## TASK GOAL
Extract exactly and only the lines from the one containing "Man cooking pancakes" through the end of the entries below. Pictures should not appear in the copy.

## INFORMATION SUPPLIED
********

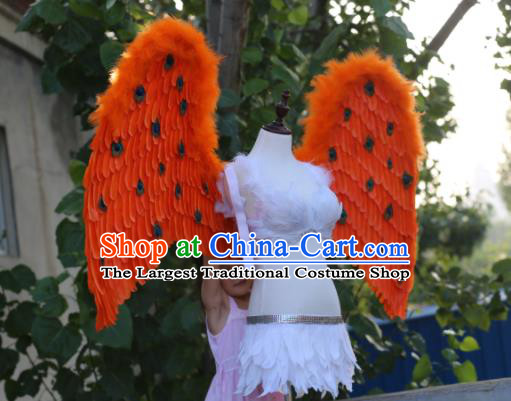 Custom Halloween Cosplay Decorations Stage Show Props Opening Dance Wear Carnival Parade Back Accessories Miami Angel Orange Feather Wings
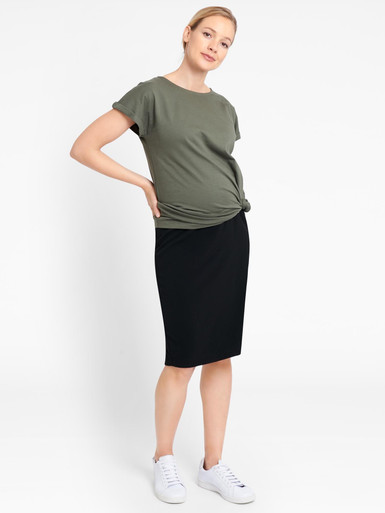 Black Tailored Maternity Pencil Skirt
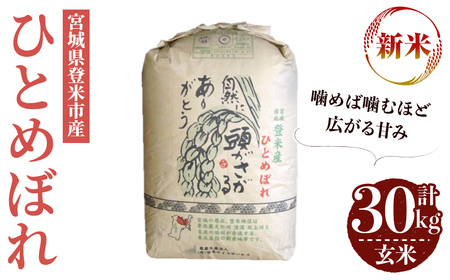 [先行予約!2025年10月以降順次発送予定]≪令和7年産 新米≫ ひとめぼれ 玄米 30kg 登米市産 お米 おこめ 米 コメ ご飯 ごはん おにぎり お弁当 [登米ライスサービス株式会社]tm142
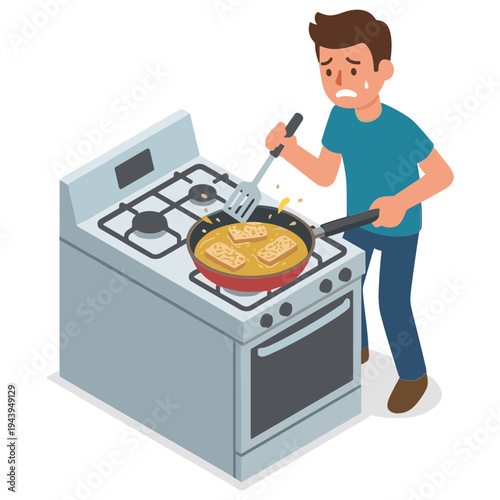 Man cooking pancakes on stove with frying pan and spatula in kitchen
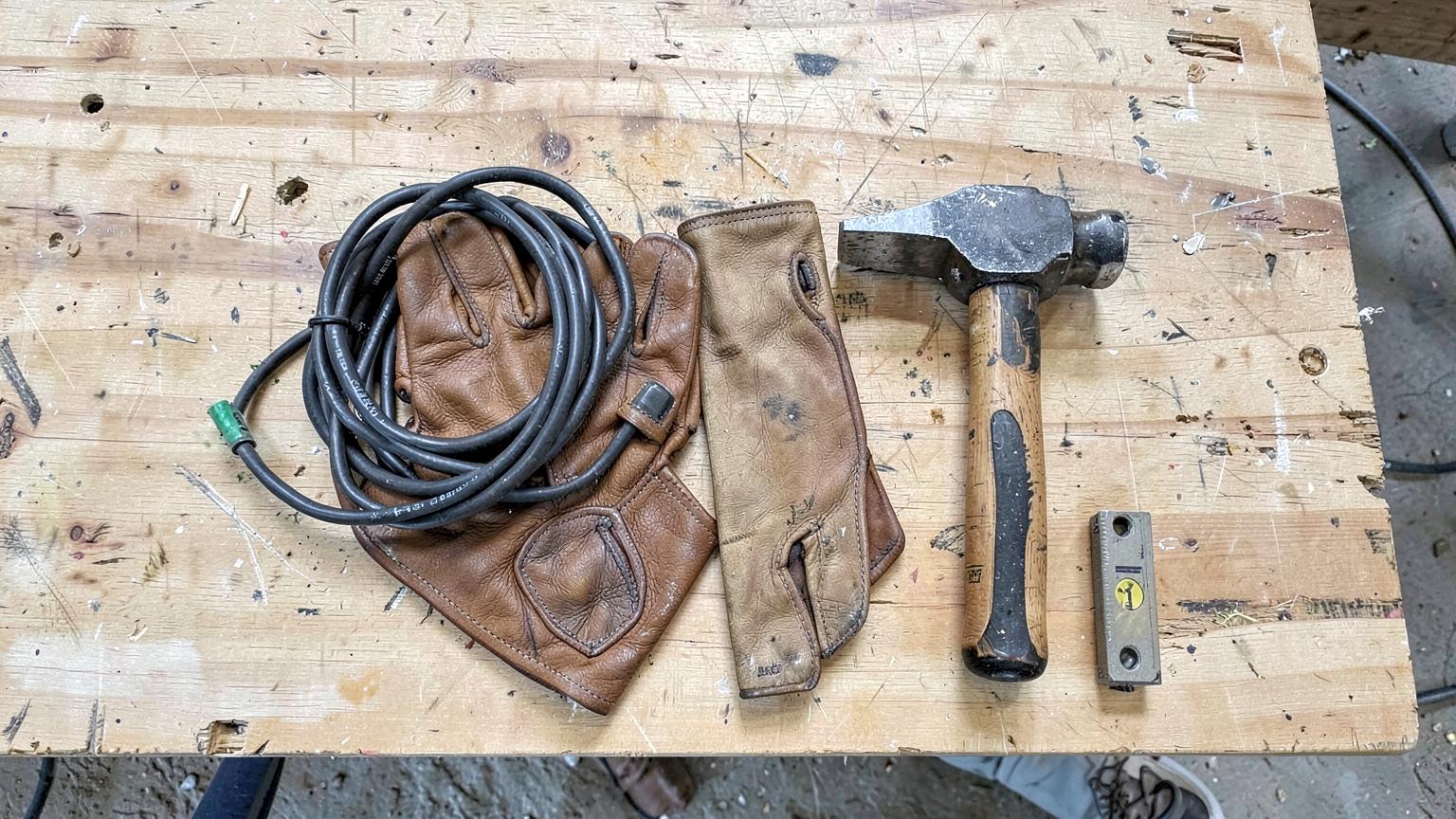 Work gloves, a coiled cord, a hammer and a small level laid out on a wooden workbench at a construction site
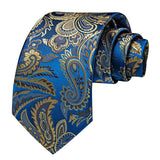 Men's 3 Pcs Luxury Blue Yellow Tie Set - Blue - MJ-7391 - One Size - Silk - image 7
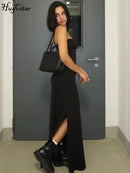 Hugcitar Black Strapless Long Sleeve Sexy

********

## RESULT FOR THIS EXERCISE
 Man cooking pancakes on stove with frying pan and spatula in kitchen
 Work gloves, a coiled cord, a hammer and a small level laid out on a wooden workbench at a construction site
 Men's 3 Pcs Luxury Blue Yellow Tie Set - Blue - MJ-7391 - One Size - Silk - image 7
 Hugcitar Black Strapless Long Sleeve Sexy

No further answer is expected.